Fewer studies reported success at later follow up times. At two years five trials reported a mean of 64% success (range 55% to 74%). At five years three studies reported a mean of 53% success (range 50% to 55%). At ten years one study reported 35% success.

Complications were common. In 13 studies any complication occurred in 42% of patients (range 20% top 75%). These were predominantly stimulator or electrode problems (mean 30% and 24% respectively, range 0% to 75%). Infection was less common, occurring in 5% of patients in 20 trials that reported it (range 0% to 12%). Most complications appeared to be minor.

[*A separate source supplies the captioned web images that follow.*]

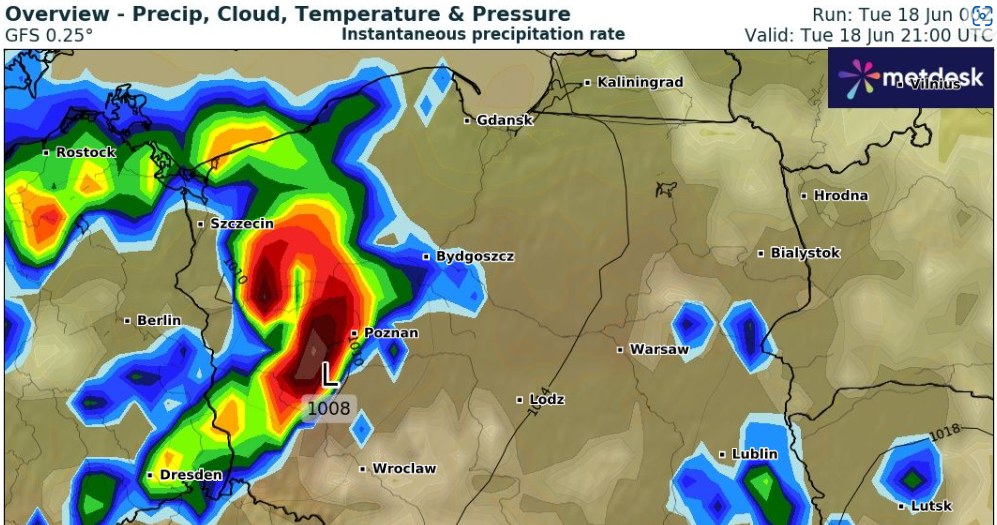 Silne burze prognozowane są nie tylko w ciągu dnia, ale również w nocy z wtorku na środę. Przyniosą ulewy, grad i silny wiatr /wxcharts /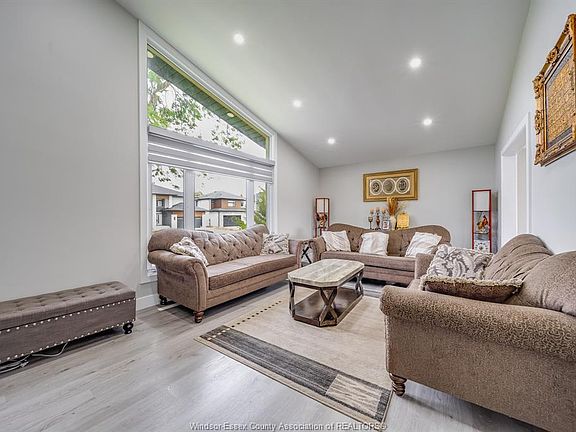 5th image of 2405 Roxborough Blvd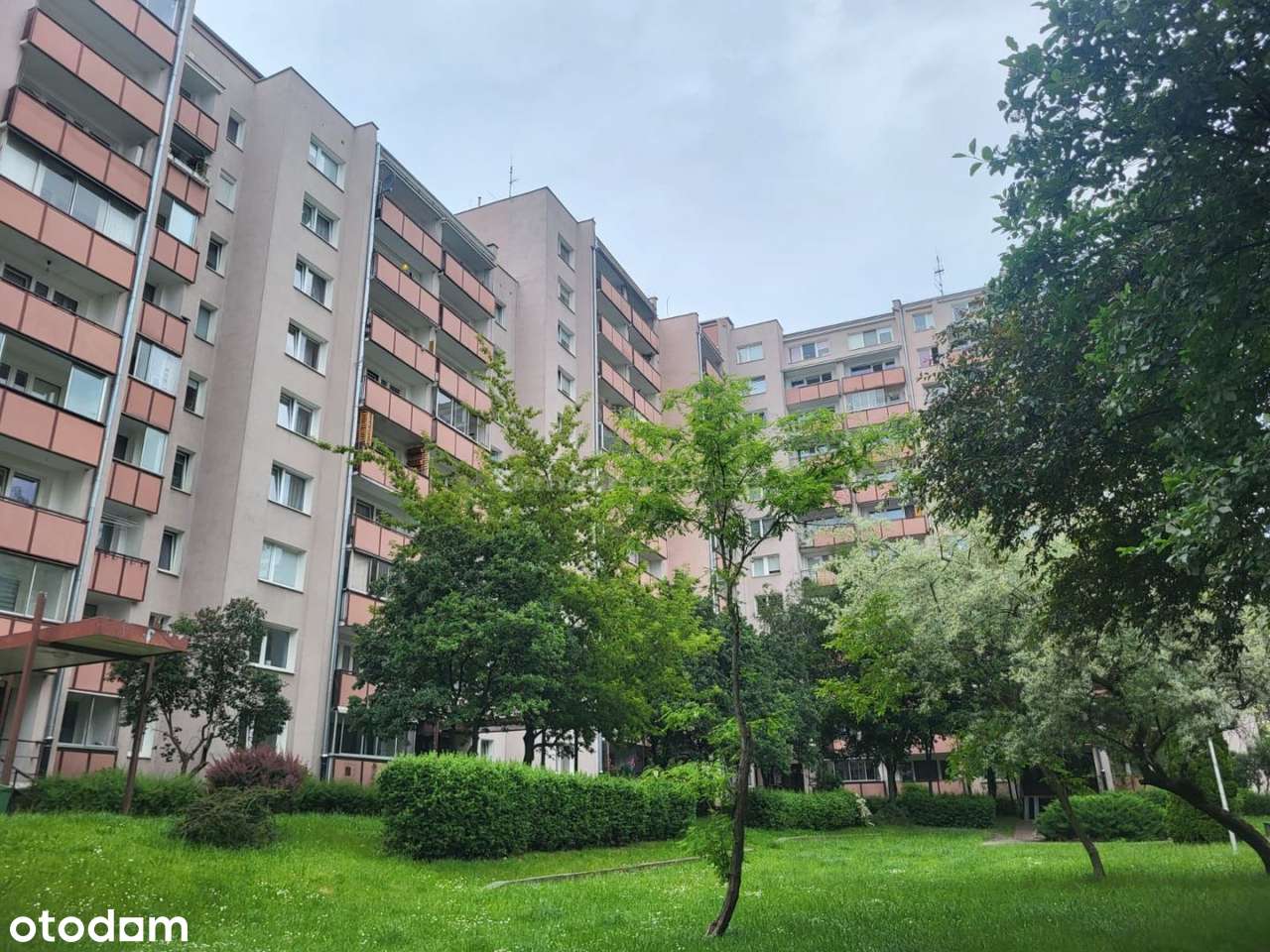 3 pokojowe mieszkanie - 300 metrów od stacji metra-0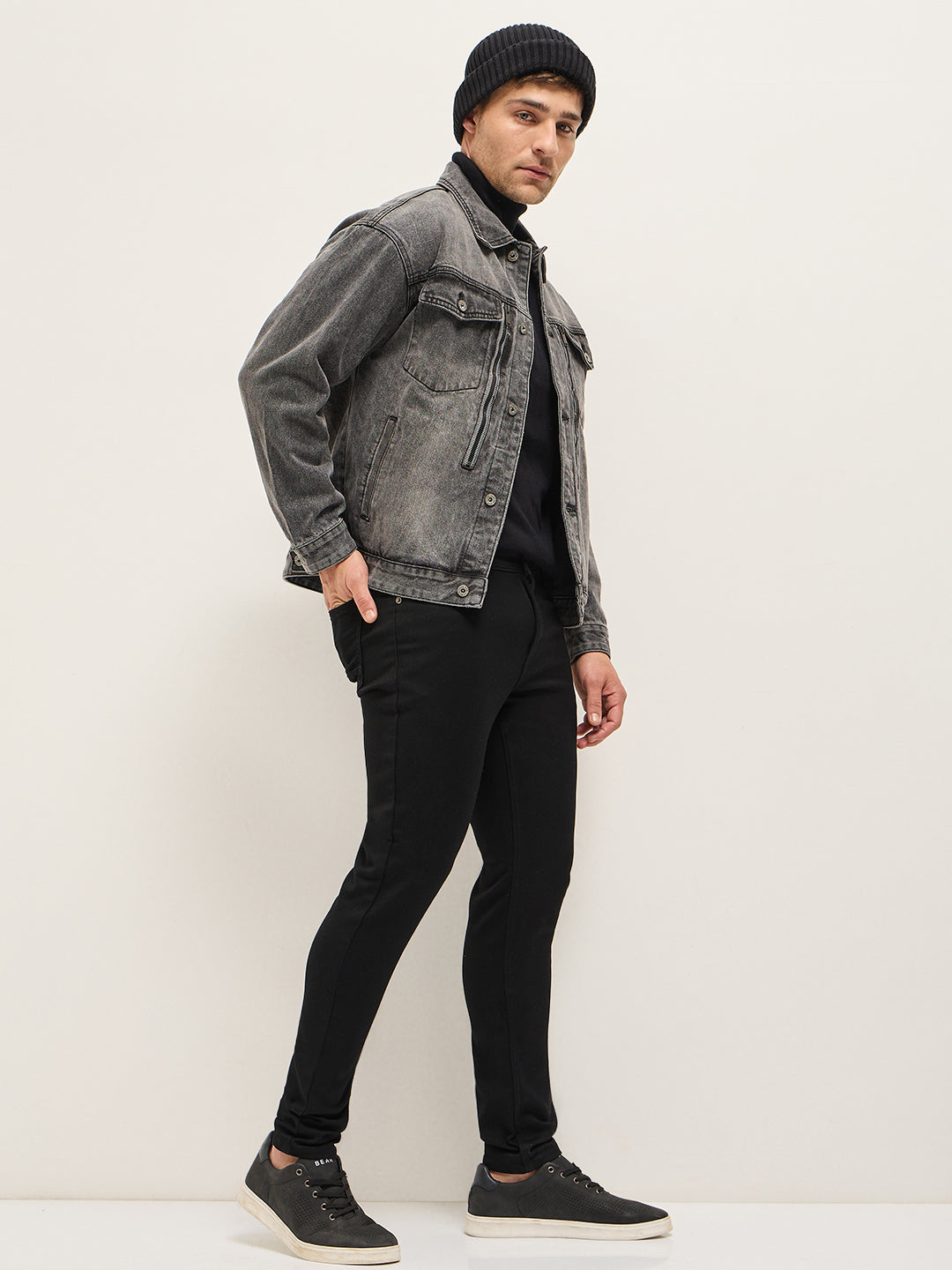 Men Black Mid-Rise Skinny Fit Jeans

So we have interesting information, but no real certainty that it is right.

Reference:

  1. JA Turner, JD Loeser, KG Bell. Spinal cord stimulation for chronic back pain: a systematic literature synthesis. Neurosurgery 1995 37: 1088-96.

Diagnostic tests

Bandolier seeks reviews and insight on these. Few exist, though one is reported this month. We continue, though, to be intrigued by the triumph of simple clinical scoring over laboratory technology. One example (that of alcoholic cirrhosis ) this month is obvious, but the underwhelming ability of the biochemistry to make the diagnosis is fascinating, especially when highly publicised court cases make life-turning decisions based on some laboratory estimations.

Help wanted

Bandolier continues to be impressed by the searching questions posed by its readers, but is struck by how few of you see reviews (or other sources of evidence) you feel sufficiently important to ask Bandolier to carry so that others can benefit. Your help is requested in 1997 to bring to Bandolier's attention evidence worthy of trumpeting abroad.

Using reviews


One reader, recently awakened to Bandolier's usefulness, has asked for us to revisit NNT calculations, and how to make the best of a systematic review. This year we will try to find a review which will enable us to 'walk you through' the process and calculations.